Sunday, August 15, 2004

Companies Cautious on Windows XP SP2

By Keith Regan
E-Commerce Times
08/10/04 11:47 AM PT

While security features that block malicious code in e-mails and on Web pages have gotten most of the attention, the update also features architecture changes designed to make it harder for hackers to take over a machine remotely if they do gain access. "SP2 is somewhere between an upgrade and a whole new version of Windows," Gartner analyst Richard Stiennon told the E-Commerce Times.

While eager to take advantage of the enhanced security features of Microsoft's (Nasdaq: MSFT) long-awaited SP2 update, many corporate users of Windows XP will be cautious in activating it.

Microsoft did extensive compatibility testing aimed at ensuring SP2 would work with as many third-party applications as possible, but many network administrators plan to run the update through the paces themselves.

IBM (NYSE: IBM) has confirmed that it is telling employees to delay downloading the SP2 update until network administrators can determine potential effects on Big Blue's systems. Many other companies are expected to follow suit.

Microsoft released the XP SP2 update, which reportedly cost $1 billion to develop, last week. The software maker expects some 100 million updates to be applied within two months. New machines loaded with the updated version of XP will be available starting next month.

While security and antispam features that block malicious code in e-mails and on Web pages have gotten most of the attention, the update also features architecture changes designed to make it harder for hackers to take over a machine remotely if they do gain access.

"SP2 is somewhere between an upgrade and a whole new version of Windows," Gartner analyst Richard Stiennon told the E-Commerce Times. "For that reason, enterprises are going to want to carefully make sure it's going to work with all the applications they use."
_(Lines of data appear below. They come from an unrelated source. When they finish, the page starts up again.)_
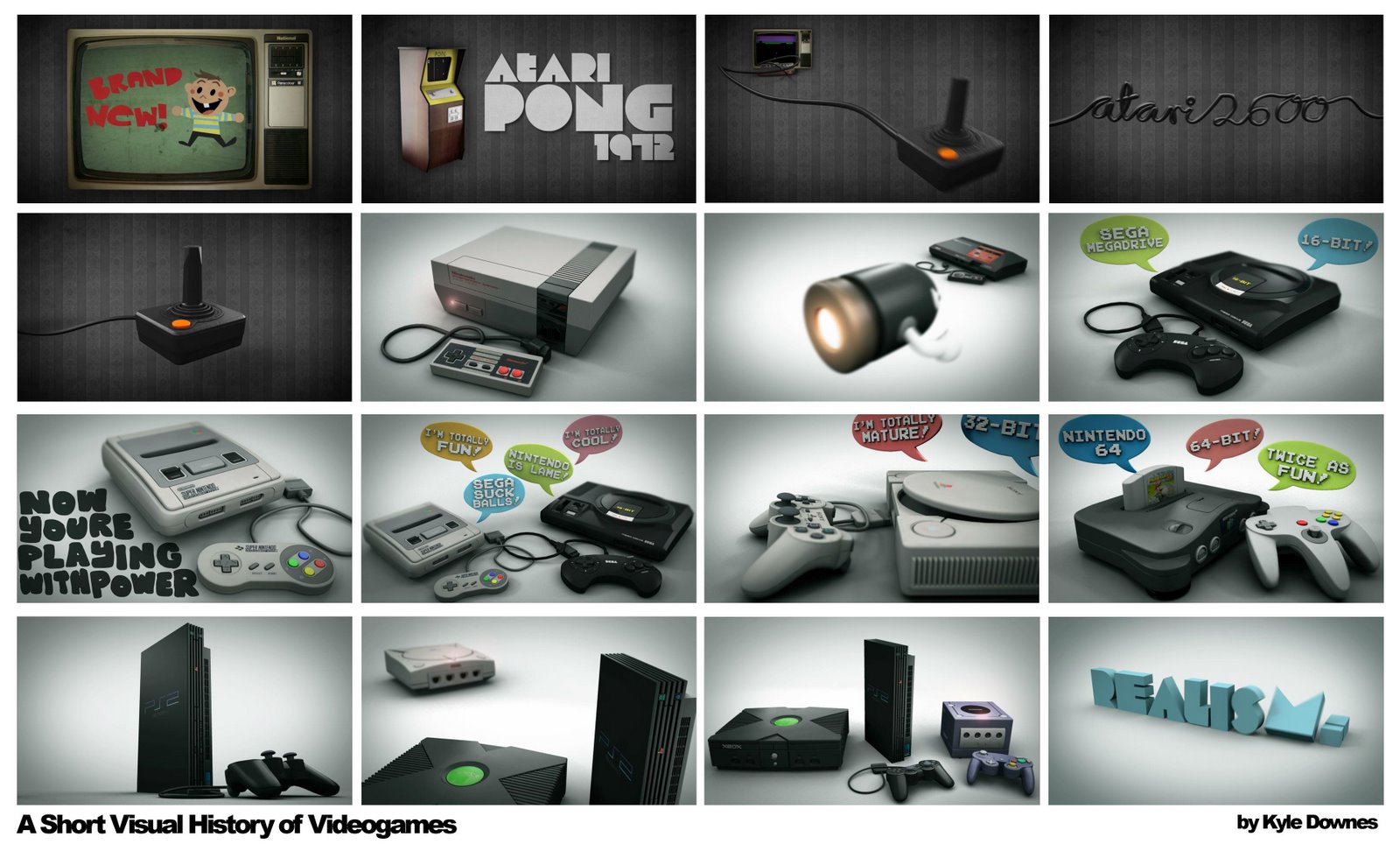 the history of video game consoles essay The content of the video game console library is written by a group of gaming enthusiasts that buying college reports homework help history essays writting. the history of video game consoles essay The content of the video game console library is written by a group of gaming enthusiasts that buying college reports homework help history essays writting.
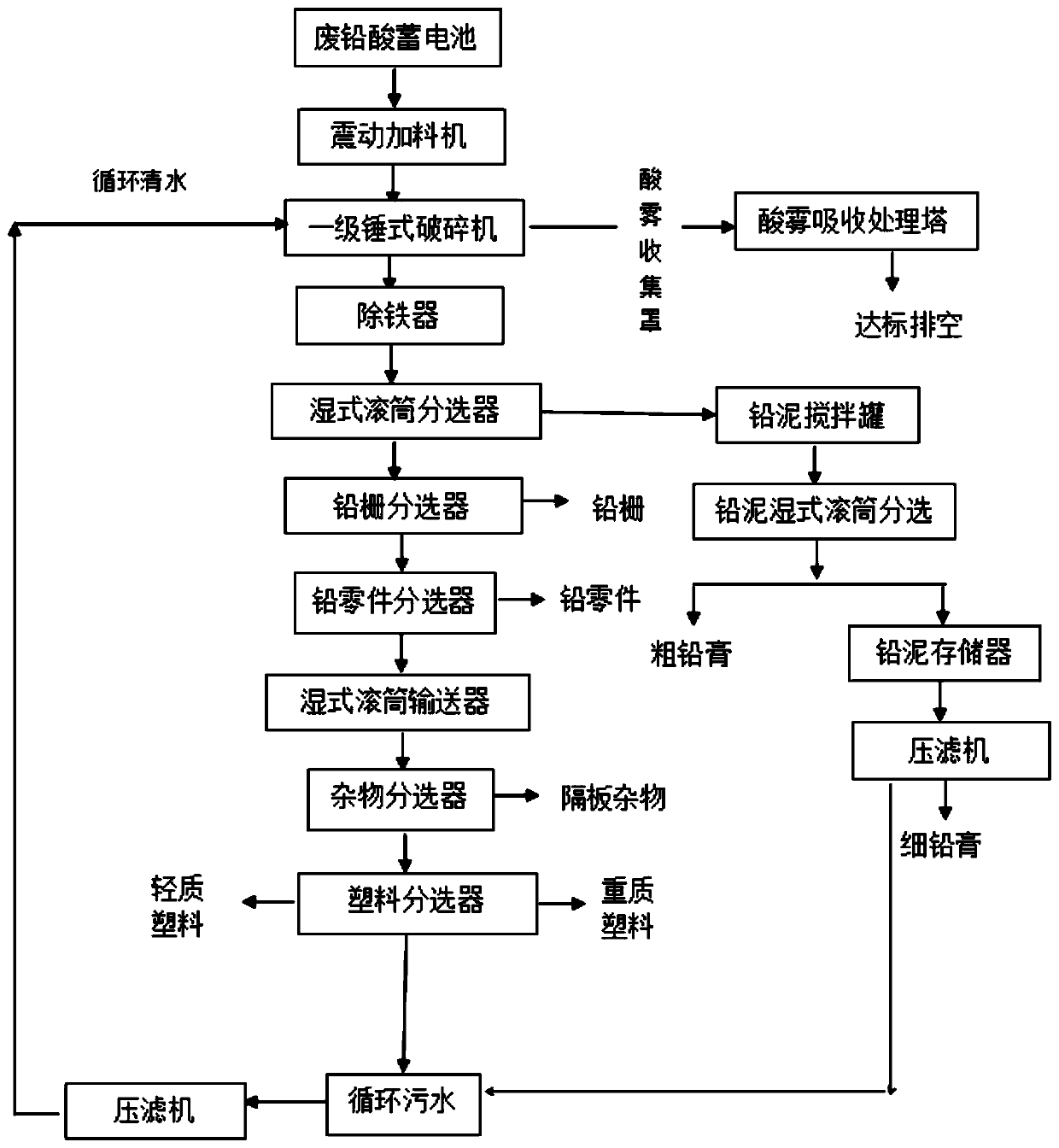 Novel waste lead-acid battery resource regeneration and recovery process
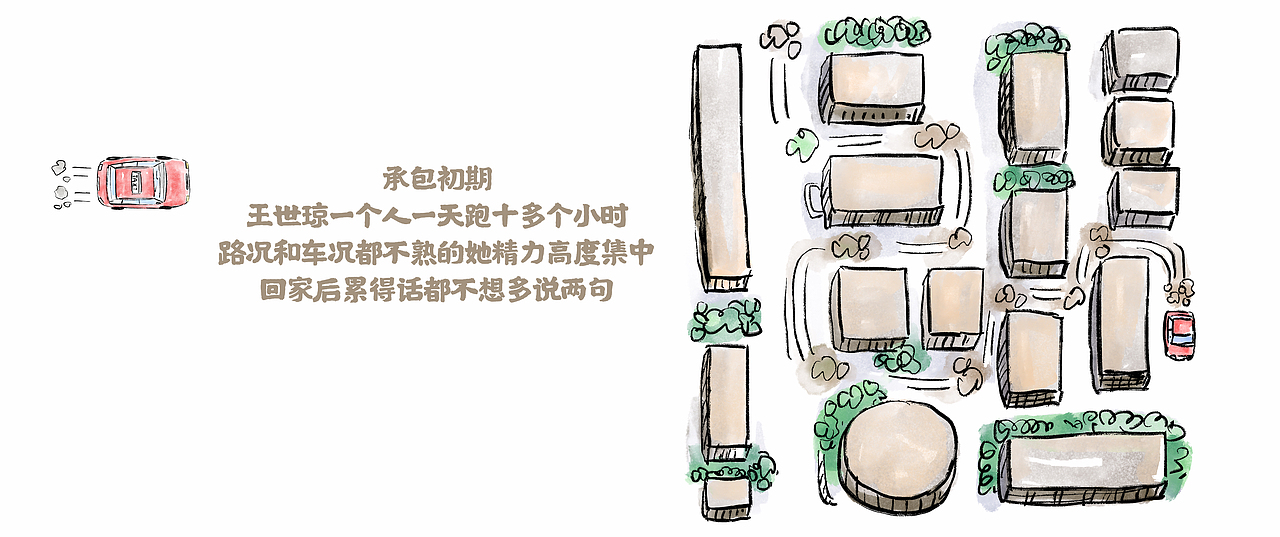 漫画/女司机往事（图ZMzA4OTQ3NjI4） - 中/长篇漫画 - 站酷设计师将军他爸原创素材 - 站酷ZCOOL
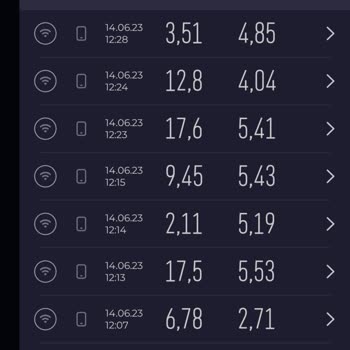 Türk Telekom Pişmanlığı. Hız Sorunu!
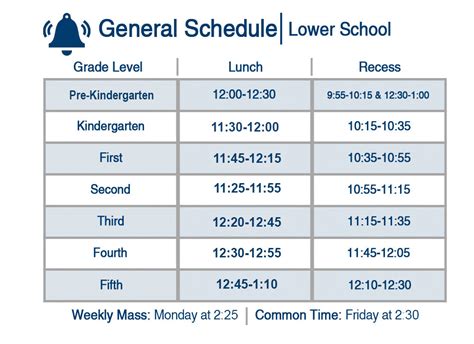 Bell Schedule - Providence Academy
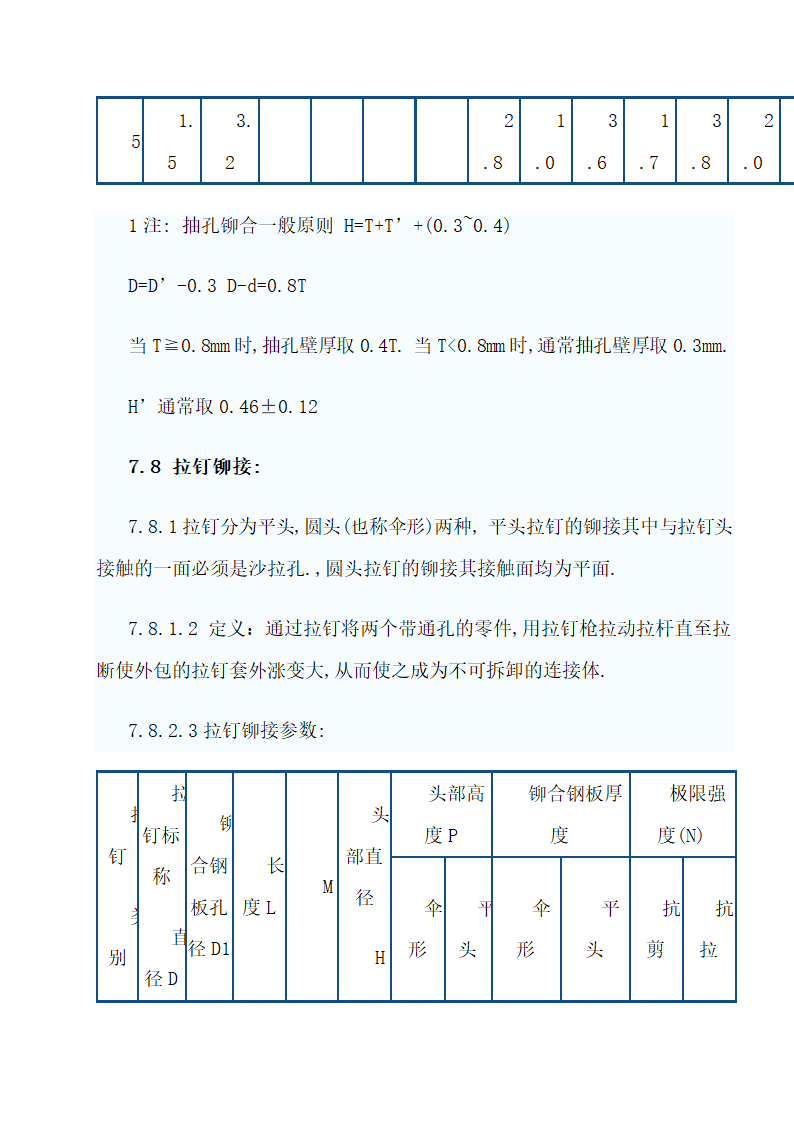 常用钣金机箱机柜工艺技术.doc第35页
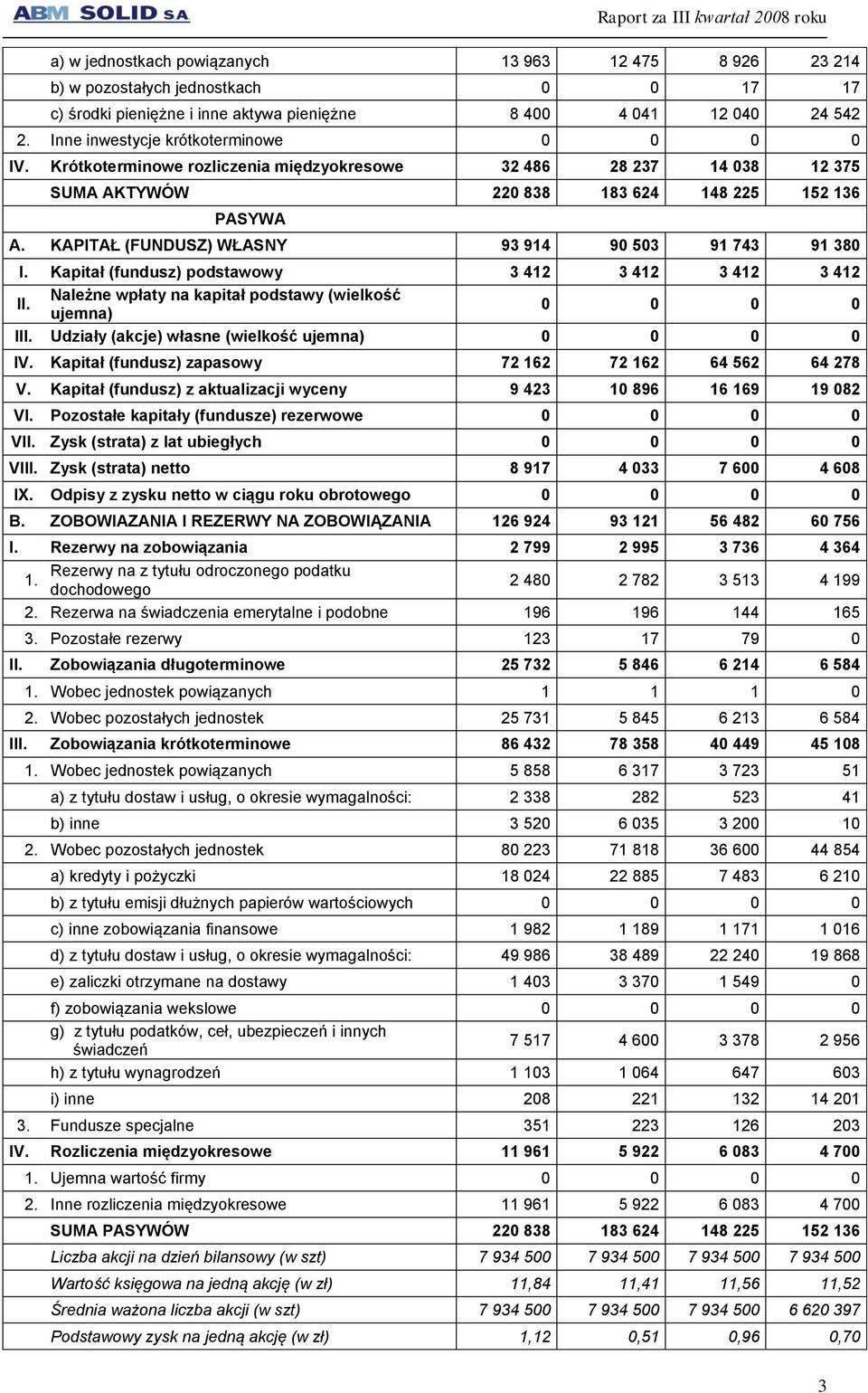 KAPITAŁ (FUNDUSZ) WŁASNY 93 914 90 503 91 743 91 380 I. Kapitał (fundusz) podstawowy 3 412 3 412 3 412 3 412 II. Należne wpłaty na kapitał podstawy (wielkość ujemna) 0 0 0 0 III.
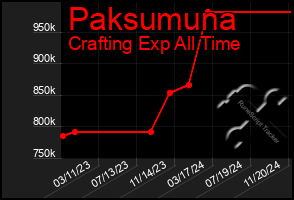 Total Graph of Paksumuna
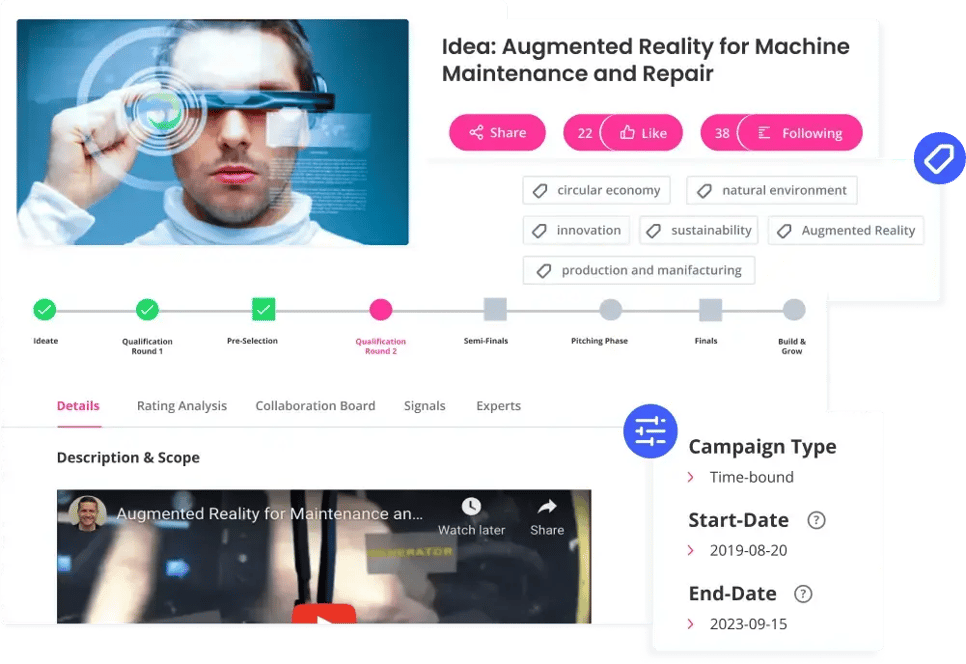 Plattform für Innovations-Communitys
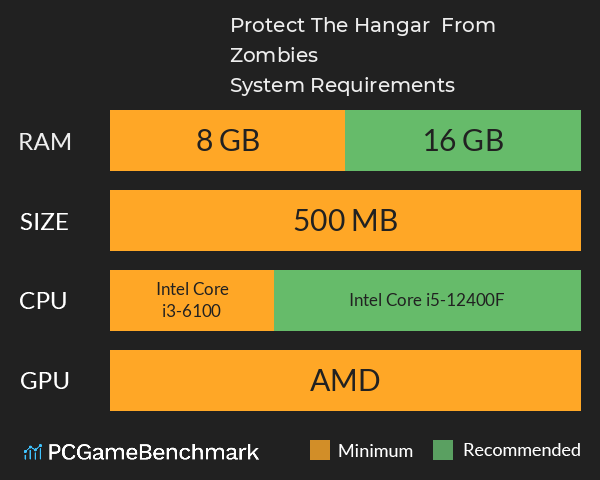 Protect The Hangar : From Zombies System Requirements PC Graph - Can I Run Protect The Hangar : From Zombies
Citing the security enhancements in particular -- which many believe will delay, minimize or stop many hack attacks -- Microsoft has encouraged users to activate the automatic update feature in XP, which would allow the computer to connect to a Microsoft server and download the update in full.

Conflicts Seen
Part of the delay in releasing the software can be attributed to its failure to work well with Microsoft's own applications, including its customer relations management software. Now there are reports that other companies' software has experienced problems as well. Some versions of peer-to-peer file-sharing software are among those said to have been affected.

The enhanced security features might also cause conflicts with third-party firewalls and other security appliances. Published reports have suggested that users of Zone Alarm firewalls reported bugs after installing the update.

In most of those cases, the problem can be worked around, but it will take time, said Ken Dunham, director of malicious code intelligence for the computer security firm iDefense

"In each instance, there might be a different workaround, so it's going to take time to get them all in place," Dunham told the E-Commerce Times. "Microsoft did extensive testing, but no one is going to put such a major update onto their networks without doing their own due diligence."

Rushing the update into place would likely place a major burden on corporate help desks, which would be forced to field questions about crashing applications and other problems.

"Users will want the update because it is a security upgrade," Dunham added. "But they don't need to be the first to have it."

Boon for Business?
Because of the possible complications, patch-management companies and third-party vendors who help companies manage their networks could see a windfall.

Joi Deaser, a spokesperson for SupportSoft, told the E-Commerce Times that her company's customers have been asking for help, with most of the concerns surrounding security and management of problems that might arise when the service pack goes live.